When LLM models were first launched, we had to rely on the cloud versions, like ChatGPT or Gemini. However, things are changing for the better. We are now seeing a wave of new AI models being released every week, and most of them can run locally with good performance. This allows us to perform AI inference on edge or even mobile devices.

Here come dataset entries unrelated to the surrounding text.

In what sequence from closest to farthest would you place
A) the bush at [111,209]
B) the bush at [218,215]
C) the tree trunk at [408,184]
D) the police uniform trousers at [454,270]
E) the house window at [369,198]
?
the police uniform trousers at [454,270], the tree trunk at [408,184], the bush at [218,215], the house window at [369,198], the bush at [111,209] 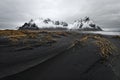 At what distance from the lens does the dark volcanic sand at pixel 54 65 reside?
9.73 feet

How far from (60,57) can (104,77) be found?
4.06 feet

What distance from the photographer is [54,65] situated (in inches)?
132

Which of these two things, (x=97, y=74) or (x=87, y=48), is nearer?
(x=97, y=74)

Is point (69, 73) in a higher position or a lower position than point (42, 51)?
lower

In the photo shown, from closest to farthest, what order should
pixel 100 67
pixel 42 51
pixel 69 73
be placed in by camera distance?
1. pixel 69 73
2. pixel 100 67
3. pixel 42 51

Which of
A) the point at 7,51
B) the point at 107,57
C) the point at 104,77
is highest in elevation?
the point at 7,51

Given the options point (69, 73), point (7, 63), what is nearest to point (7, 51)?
point (7, 63)

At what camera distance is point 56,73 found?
10.2ft

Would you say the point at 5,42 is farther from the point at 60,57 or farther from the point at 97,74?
the point at 97,74

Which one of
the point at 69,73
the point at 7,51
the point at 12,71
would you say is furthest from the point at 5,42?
the point at 69,73

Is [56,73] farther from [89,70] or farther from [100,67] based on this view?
[100,67]

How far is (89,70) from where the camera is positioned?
3318 mm

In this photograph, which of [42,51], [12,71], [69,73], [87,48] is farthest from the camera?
[87,48]

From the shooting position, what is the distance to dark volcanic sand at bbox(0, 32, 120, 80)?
2.97 meters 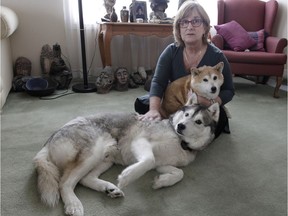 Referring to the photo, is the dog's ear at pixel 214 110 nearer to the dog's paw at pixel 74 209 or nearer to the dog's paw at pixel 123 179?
the dog's paw at pixel 123 179

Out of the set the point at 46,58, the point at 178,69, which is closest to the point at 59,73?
the point at 46,58

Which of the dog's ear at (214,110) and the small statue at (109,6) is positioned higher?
the small statue at (109,6)

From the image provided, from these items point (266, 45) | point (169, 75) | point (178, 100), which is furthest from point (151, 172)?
point (266, 45)

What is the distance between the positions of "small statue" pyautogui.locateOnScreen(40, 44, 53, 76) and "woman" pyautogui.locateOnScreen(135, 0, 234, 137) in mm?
1793

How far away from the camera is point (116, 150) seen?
58.0 inches

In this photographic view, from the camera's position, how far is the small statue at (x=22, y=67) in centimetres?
308

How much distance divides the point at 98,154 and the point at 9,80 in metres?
1.90

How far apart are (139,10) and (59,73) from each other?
1230mm

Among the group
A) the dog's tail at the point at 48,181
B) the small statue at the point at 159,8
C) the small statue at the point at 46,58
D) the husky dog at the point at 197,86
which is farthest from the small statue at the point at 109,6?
the dog's tail at the point at 48,181

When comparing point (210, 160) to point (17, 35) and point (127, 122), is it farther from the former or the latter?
point (17, 35)

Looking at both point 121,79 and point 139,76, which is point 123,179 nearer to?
point 121,79

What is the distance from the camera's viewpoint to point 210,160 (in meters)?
1.63

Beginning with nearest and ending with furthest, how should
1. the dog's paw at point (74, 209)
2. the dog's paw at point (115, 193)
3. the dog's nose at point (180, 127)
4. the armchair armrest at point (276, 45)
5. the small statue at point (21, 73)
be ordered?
the dog's paw at point (74, 209), the dog's paw at point (115, 193), the dog's nose at point (180, 127), the small statue at point (21, 73), the armchair armrest at point (276, 45)

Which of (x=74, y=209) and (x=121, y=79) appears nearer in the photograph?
(x=74, y=209)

I have been running these models on my Windows machine using Ollama for a while, and even on my latest high-end Android phone with apps like Google AI Edge Gallery, PocketPal, and AnythingLLM. Everything has been running smoothly. I've used these models for tasks like describing images or helping me improve my writing. The speed of inference is quite fast, thanks to the latest and fastest mobile SoCs they are running on.
BUT…
I wanted to try something different. I had an old Android phone (OnePlus 3T) lying around, and I always wondered if I could find a use for it. So, this weekend, I did a quick proof of concept.
I tested whether I could run these new AI models locally on this old Android device, which doesn't have the most powerful hardware. Fortunately, tools like Unsloth, GGUF, and Llama.cpp are available.

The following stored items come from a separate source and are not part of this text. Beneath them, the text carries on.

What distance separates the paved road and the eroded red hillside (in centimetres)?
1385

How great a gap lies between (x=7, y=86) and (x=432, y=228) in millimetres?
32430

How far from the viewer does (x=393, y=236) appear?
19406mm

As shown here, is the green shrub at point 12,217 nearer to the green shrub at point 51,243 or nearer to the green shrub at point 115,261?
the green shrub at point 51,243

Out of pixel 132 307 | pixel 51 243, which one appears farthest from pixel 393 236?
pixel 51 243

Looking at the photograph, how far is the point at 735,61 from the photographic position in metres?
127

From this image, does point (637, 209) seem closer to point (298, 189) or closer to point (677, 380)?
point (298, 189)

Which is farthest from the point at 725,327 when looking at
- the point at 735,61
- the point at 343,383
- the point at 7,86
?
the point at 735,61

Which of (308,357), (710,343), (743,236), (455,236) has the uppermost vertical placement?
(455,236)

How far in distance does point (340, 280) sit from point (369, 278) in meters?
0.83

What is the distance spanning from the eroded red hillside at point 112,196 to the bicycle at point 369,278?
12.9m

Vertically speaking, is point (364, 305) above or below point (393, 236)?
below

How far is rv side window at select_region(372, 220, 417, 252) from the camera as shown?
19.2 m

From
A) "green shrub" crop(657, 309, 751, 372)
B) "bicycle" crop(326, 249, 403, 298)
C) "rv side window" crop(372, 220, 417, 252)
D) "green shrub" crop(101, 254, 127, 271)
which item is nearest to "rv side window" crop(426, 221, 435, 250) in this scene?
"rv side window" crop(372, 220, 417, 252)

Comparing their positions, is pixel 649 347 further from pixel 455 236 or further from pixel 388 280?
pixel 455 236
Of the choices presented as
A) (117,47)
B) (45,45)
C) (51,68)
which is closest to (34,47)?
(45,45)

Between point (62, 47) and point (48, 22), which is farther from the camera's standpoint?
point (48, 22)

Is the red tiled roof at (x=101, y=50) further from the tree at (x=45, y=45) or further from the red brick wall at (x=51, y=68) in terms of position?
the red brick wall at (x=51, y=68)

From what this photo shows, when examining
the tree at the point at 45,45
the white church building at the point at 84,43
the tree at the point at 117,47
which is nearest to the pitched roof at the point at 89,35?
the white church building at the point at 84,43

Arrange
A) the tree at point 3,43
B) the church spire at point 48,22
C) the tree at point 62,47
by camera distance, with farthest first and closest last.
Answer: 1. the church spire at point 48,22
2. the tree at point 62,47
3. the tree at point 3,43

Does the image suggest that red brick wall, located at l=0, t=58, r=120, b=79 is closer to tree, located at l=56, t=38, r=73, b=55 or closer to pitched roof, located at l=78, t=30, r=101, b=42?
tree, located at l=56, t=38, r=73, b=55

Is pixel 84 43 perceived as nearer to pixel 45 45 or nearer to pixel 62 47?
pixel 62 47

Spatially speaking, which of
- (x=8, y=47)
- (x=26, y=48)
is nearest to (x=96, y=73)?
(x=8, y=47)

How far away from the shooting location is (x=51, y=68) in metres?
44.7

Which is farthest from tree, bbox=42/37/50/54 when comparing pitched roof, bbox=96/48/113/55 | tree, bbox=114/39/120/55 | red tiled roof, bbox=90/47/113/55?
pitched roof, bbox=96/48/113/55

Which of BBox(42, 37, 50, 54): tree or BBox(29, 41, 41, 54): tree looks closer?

In cases where we have limited RAM, the GGUF format of models lets us run them with much lower VRAM requirements while maintaining nearly the same accuracy.

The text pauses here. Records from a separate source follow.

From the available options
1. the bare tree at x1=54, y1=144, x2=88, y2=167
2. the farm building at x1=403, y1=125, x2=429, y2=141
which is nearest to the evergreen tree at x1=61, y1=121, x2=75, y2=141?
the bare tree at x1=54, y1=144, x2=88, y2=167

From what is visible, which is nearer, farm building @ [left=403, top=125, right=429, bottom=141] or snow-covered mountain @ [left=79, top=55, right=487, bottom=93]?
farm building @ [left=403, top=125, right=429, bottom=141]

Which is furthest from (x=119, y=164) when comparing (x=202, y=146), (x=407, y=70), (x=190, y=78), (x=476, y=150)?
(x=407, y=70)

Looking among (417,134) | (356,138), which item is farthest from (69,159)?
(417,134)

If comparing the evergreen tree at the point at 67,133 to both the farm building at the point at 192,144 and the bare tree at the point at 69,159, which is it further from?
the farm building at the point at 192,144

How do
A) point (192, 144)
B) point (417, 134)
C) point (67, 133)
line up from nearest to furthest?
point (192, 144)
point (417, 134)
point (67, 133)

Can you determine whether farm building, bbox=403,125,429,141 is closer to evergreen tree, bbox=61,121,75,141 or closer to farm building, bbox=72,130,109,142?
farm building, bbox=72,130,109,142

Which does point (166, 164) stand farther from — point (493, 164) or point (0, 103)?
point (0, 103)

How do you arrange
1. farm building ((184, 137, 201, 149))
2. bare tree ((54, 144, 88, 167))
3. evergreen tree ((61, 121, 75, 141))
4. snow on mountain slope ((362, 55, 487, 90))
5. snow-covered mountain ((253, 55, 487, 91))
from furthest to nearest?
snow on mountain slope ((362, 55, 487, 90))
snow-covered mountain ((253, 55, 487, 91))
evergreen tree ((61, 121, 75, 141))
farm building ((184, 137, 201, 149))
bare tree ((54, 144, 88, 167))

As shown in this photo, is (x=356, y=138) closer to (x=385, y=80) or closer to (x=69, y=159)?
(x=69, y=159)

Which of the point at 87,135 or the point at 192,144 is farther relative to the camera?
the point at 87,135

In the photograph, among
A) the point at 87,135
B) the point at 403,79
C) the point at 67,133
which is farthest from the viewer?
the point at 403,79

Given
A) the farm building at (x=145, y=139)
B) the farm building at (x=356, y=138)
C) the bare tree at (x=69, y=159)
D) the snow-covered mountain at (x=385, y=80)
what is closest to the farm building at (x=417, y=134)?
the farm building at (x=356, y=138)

To get started, I first needed to figure out how to run these models. Llama.cpp offers a CLI or server method to interact with your model. However, they provide pre-built binaries for Windows and Linux, not for Android, so we need to compile them for Android.
🛠️Installing Termux
To compile llama.cpp for Android, I needed a shell, and Termux was the solution. The latest version on the Play Store wasn't compatible with my device, but I managed to download and install the APK from F-Droid. With Termux running, I was ready to proceed to the next step of compiling llama.cpp..
👷🏼Building llama.cpp
This was quite straightforward, all I had to do was follow the steps:
https://github.com/ggml-org/llama.cpp/blob/master/docs/android.md#build-cli-on-android-using-termux
🏃🏻Running the model
Once llama.cpp was built, the binaries were placed in the bin folder under the build directory. Then, I could start the server using
./build/bin/llama-server -m model-path -c 2048 -n 4096 -—host 0.0.0.0 --port 8080
Since I was going to connect to this server from a different device, I had to set the host to 0.0.0.0.
I tried using 4 different models with Q4_K_M quantization:
I also had to adjust the -c and -n option values based on the available RAM.
Once the server was running, I needed a client to connect to it.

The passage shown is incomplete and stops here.